Портнягин выступил в ночь с 24 на 25 июля 1804 г. Сначала все шло благополучно. Отряд миновал передовые неприятельские посты и уже приближался к персидскому лагерю, когда всадники Джафара наехали на пеший пикет, дали залп и подняли тревогу. Из персидского лагеря тотчас стала выезжать конница, а между тем гонцы полетели в Канакир к Баба-хану, и не прошло двух часов, как Портнягин стоял уже лицом к лицу со всей 40-тысячной персидской армией.

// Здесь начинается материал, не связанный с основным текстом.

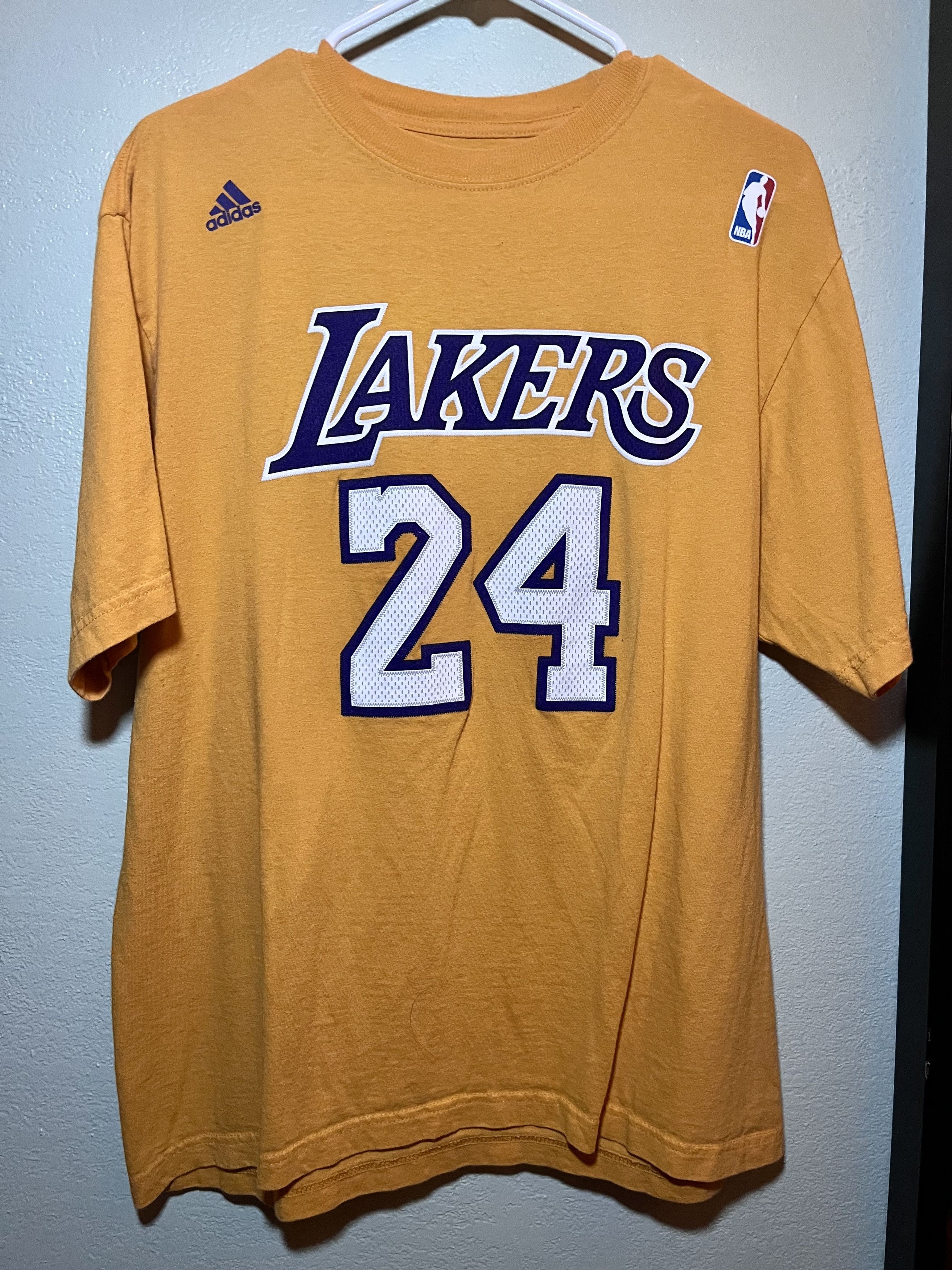 Kobe Bryant T-Shirt - Adidas x NBA - Vintage Lakers Tee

Наступила одна из тех страшных минут, когда начальнику приходится решать роковую дилемму: потерять ли оружие и сохранить жизнь сотням солдат или же сохранить честь оружия и заплатить за это сотнями жизней?

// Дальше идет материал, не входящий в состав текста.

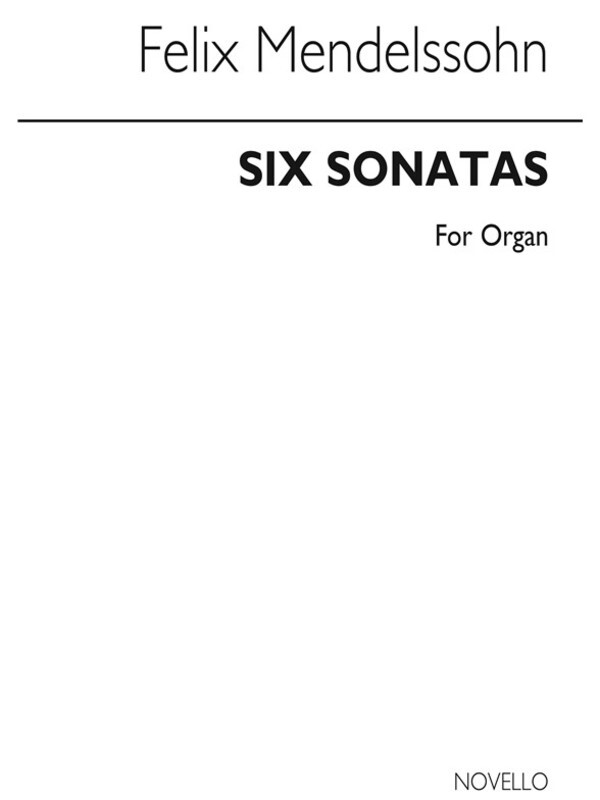 Mendelssohn 6 Sonatas Organ Solo(Arc) (Softcover Book)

Портнягин выбрал последнее. Свернувшись в каре, он шаг за шагом стал отходить назад, окруженный и подавляемый в сорок раз превосходящим его неприятелем. Скоро вся артиллерийская прислуга выбыла из строя. Офицеры сами заряжали орудия и исполняли при них обязанности нижних чинов. Четырнадцать с половиной часов и на протяжении 20 с лишним верст шла непрерывавшаяся битва. Портнягин с честью вышел из этого критического положения и возвратился, потеряв 64 человека, но не оставил в руках неприятеля никакого трофея. Даже тела убитых были принесены в лагерь.

Донося о беспримерном отступлении Портнягина, Цицианов писал, «что оно превышает всякую победу, ибо как персидские войска, так и город, в виду коего сие происходило, увидели свое ничтожество».

Торжествуя победу заранее, персияне дали о ней знать эриванскому хану, и с крепости в честь ее весь день гремела салютационная пальба. Но к вечеру выстрелы смолкли. Эриванцы с удивлением увидели русское каре, возвращавшееся в стройном порядке, среди несметных окружавших его неприятельских полчищ.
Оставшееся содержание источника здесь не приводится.